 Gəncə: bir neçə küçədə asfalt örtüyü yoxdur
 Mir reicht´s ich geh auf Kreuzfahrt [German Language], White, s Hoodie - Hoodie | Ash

==

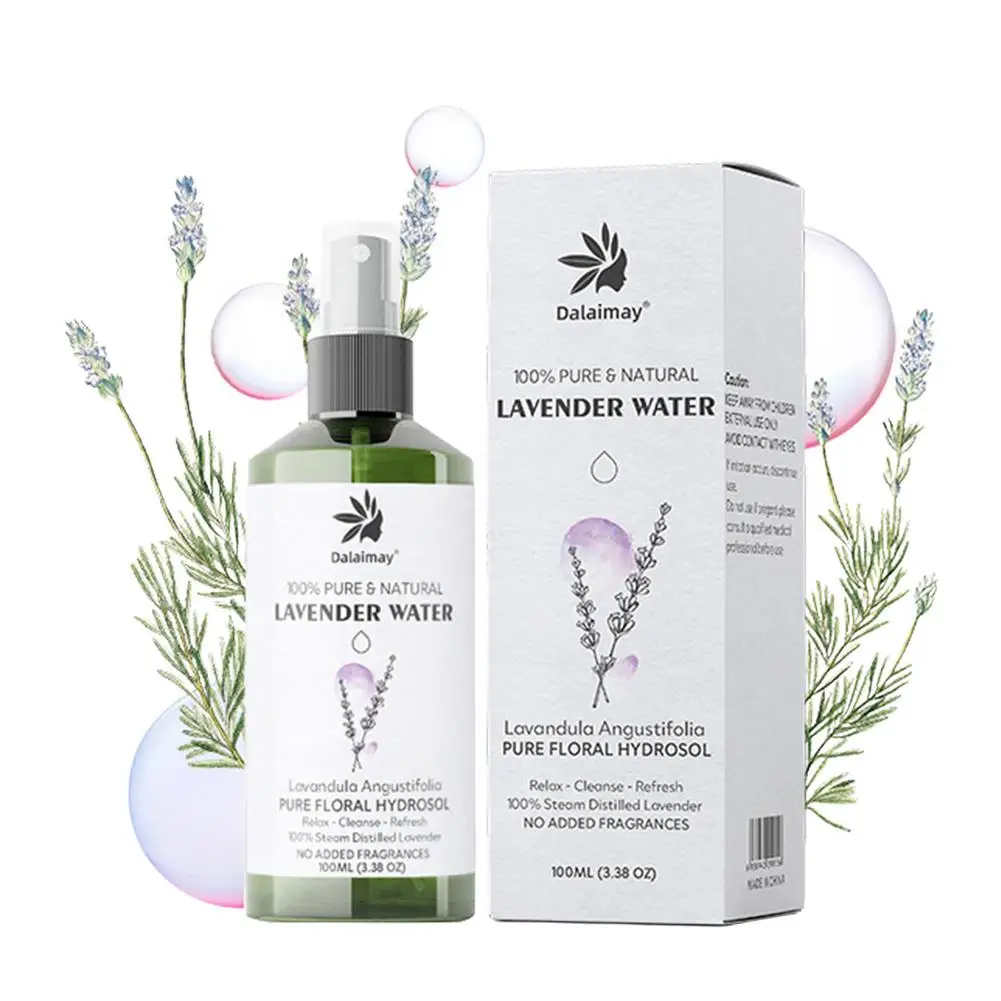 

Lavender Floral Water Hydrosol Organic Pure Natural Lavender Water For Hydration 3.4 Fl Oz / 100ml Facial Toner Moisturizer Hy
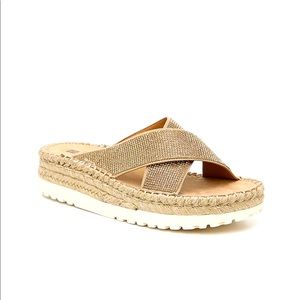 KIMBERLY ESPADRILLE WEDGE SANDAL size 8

EXERCISE DETAILS: Find "Gəncə: bir neçə küçədə asfalt örtüyü yoxdur" in the entries above and copy that whole line exactly, then each line after it through the line that contains "Mir reicht´s ich".

SOLUTION FOR THIS PROBLEM:
 Gəncə: bir neçə küçədə asfalt örtüyü yoxdur
 Mir reicht´s ich geh auf Kreuzfahrt [German Language], White, s Hoodie - Hoodie | Ash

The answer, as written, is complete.